Monday, December 18, 2006

America goes cap in hand

A falling dollar, growing import deficits, a loss of domestic manufacturing jobs and the election of a more protectionist Congress, which takes office next month, add up to one thing – increasing trade tensions between the United States and its main creditor, China, which could derail the global economy. In the latest twist, hard-pressed US manufacturers have persuaded the Democrats to launch a controversial Bill permitting the use of anti-subsidy laws in response to alleged "currency manipulation" by Beijing. The US trade deficit with China, which is expected to grow to $229 billion for 2006, has allowed China to build up $1 trillion in foreign currency reserves. A high-level American delegation to Beijing last week came away empty handed, however, not least because the Chinese economy has its own severe domestic problems. Leading the attempt to get China to take some of America’s pain was Treasury Secretary Henry M. Paulson, appointed earlier this year from his position as chairman and chief executive officer of the investment bank Goldman Sachs and adviser to the Chinese Government. With him went six other cabinet members and the chairman of the Federal Reserve, Ben Bernanke. At the top of Paulson’s list of "reforms" is getting people in China to buy more goods. Or in the words of his opening remarks: "By continuing to pursue economic reform, opening its markets further, and rebalancing its growth to allow for increased domestic consumption, China will be sustaining its own growth while contributing even more to the global economy."
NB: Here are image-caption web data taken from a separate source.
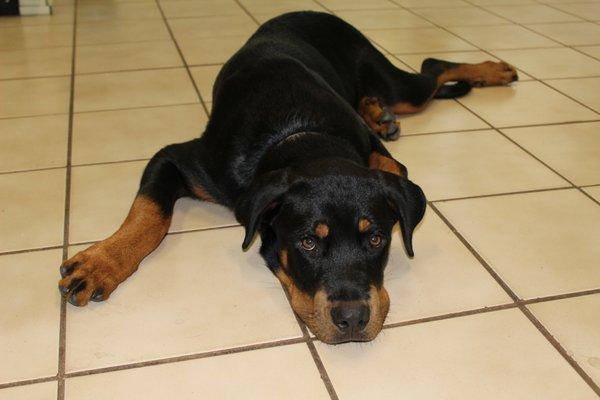 photo of Christine H.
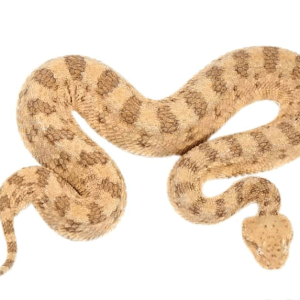 Desert Horn Viper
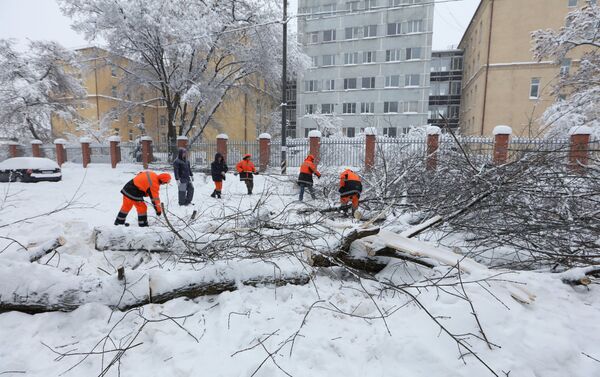 Les chutes de neiges record à Moscou - Sputnik Afrique
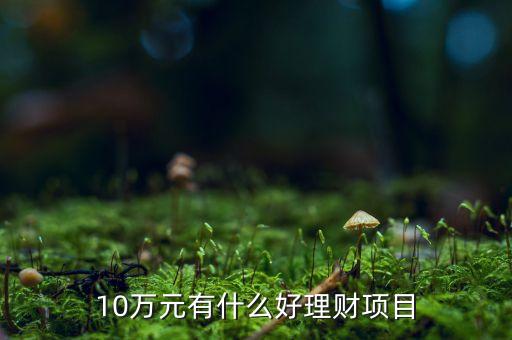 10萬元有什么好理財(cái)項(xiàng)目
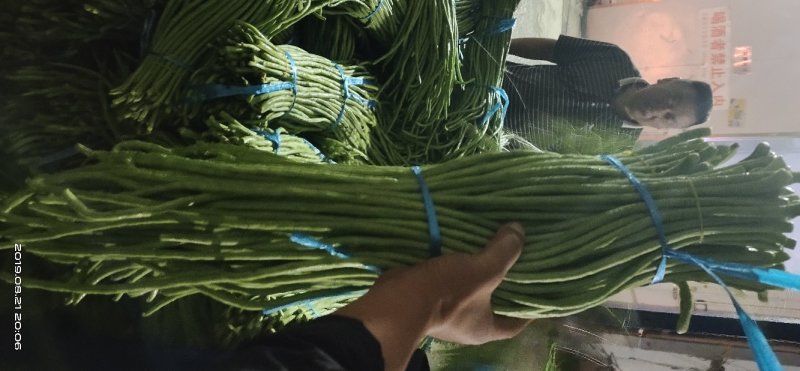 河南精品豆角，长豆角，豇豆，专业提供打冷，泡冰水，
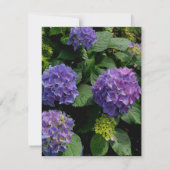 Carte De Remerciements Hydrangeas jardin fleuri bleu violet (Dos)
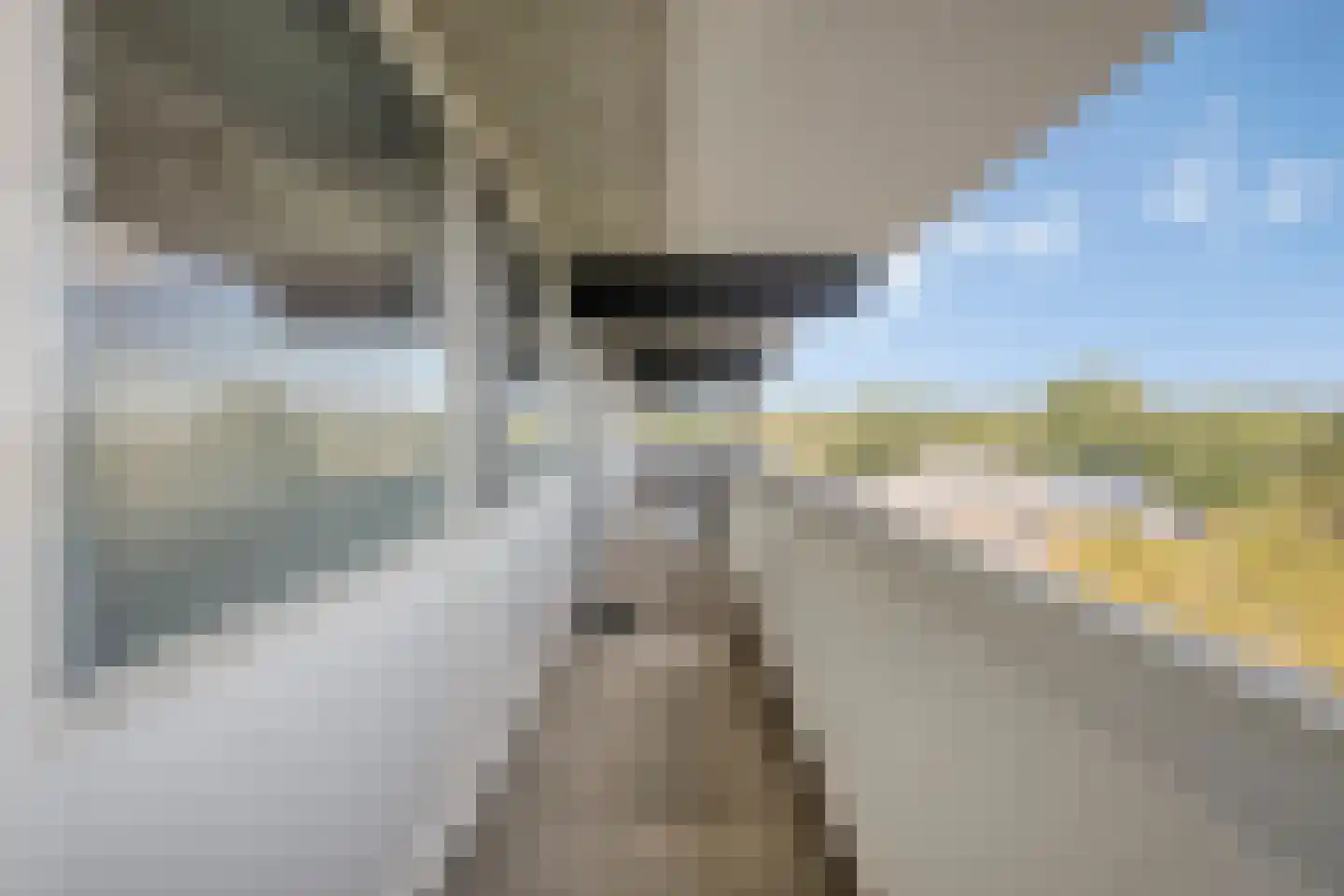 Voerakker 553 Ede thumbnail 20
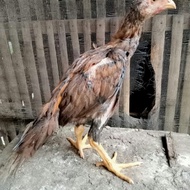 Ayam Shamo Super Ekor Lidi Tulangan Besar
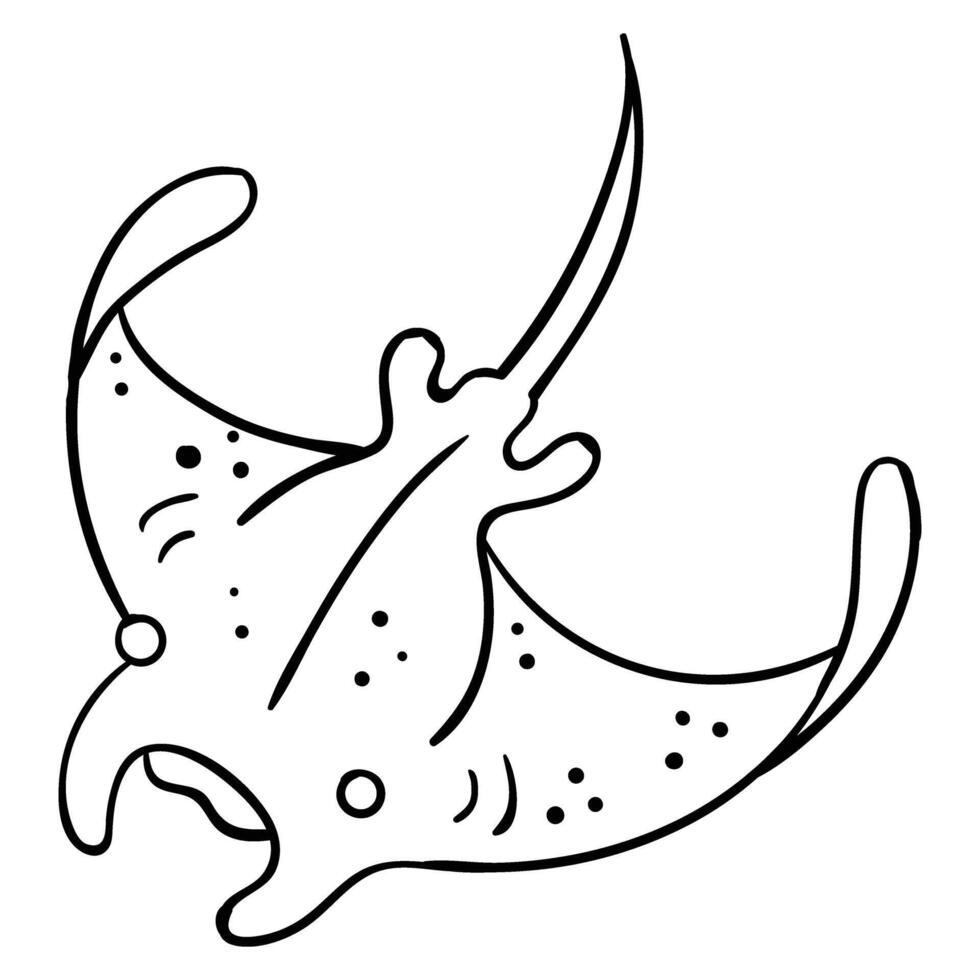 a black and white drawing of a sting ray vector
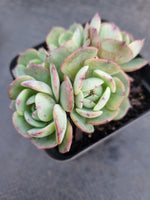 *GLGhybrid(1-961) Echeveria Reglensis hybrid 红颜杂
But the Chinese leadership wasn’t impressed by a delegation which could almost be said to have arrived cap in hand. They are only too aware of the looming revolt against the widening gulf which has opened between the tiny group of suddenly super-rich and the increasingly impoverished hundreds of millions who have lost everything to capitalist globalisation. The current leadership is reported to be moving to rein in the excesses of market economy introduced by Deng Xiaoping. More than two decades after Deng's changes, the per capita gross domestic product (GDP) had risen to only $1,700 in 2005 and is expected to reach only $3,000 in 2020. Even with a purchasing power parity of 4:1, Chinese 2005 per capita GDP was $6,800, still substantially below the US 2005 per capita GDP of $35,000. The lowest-income families, comprising the bottom 10% of all families, owns less than 2% of all the private assets in the economy, while the highest-income families, or the top 10% of all the families, own over 40%. No wonder Chinese leaders have started warning against extremes of poverty and wealth, rising unemployment and intensifying social conflict. There is also recognition China is overly-dependent on foreign investment and energy resources. So, far from rushing to help Washington, Chinese planners are working to make the country more self-sufficient in the next five years. At the end of the talks in Beijing, Vice Premier Wu Yi said "a number of differences remain". She added: "China and America are two completely different countries. The economic structures are different, the value systems are different, so it is natural to have this or that kind of disagreement. The key lies in what attitude is embraced to address those differences." Meanwhile, the US economy teeters on a financial precipice while China has a unique ability to push it over the edge. The fear is that the continuing four-year decline of the dollar will persuade China to start selling some of the mountain of dollars it has amassed. Such a move would destabilise international financial markets as well as starve the US of funds to finance the government’s own deficit. It looks like American capitalism is on its own in its hour of greatest need.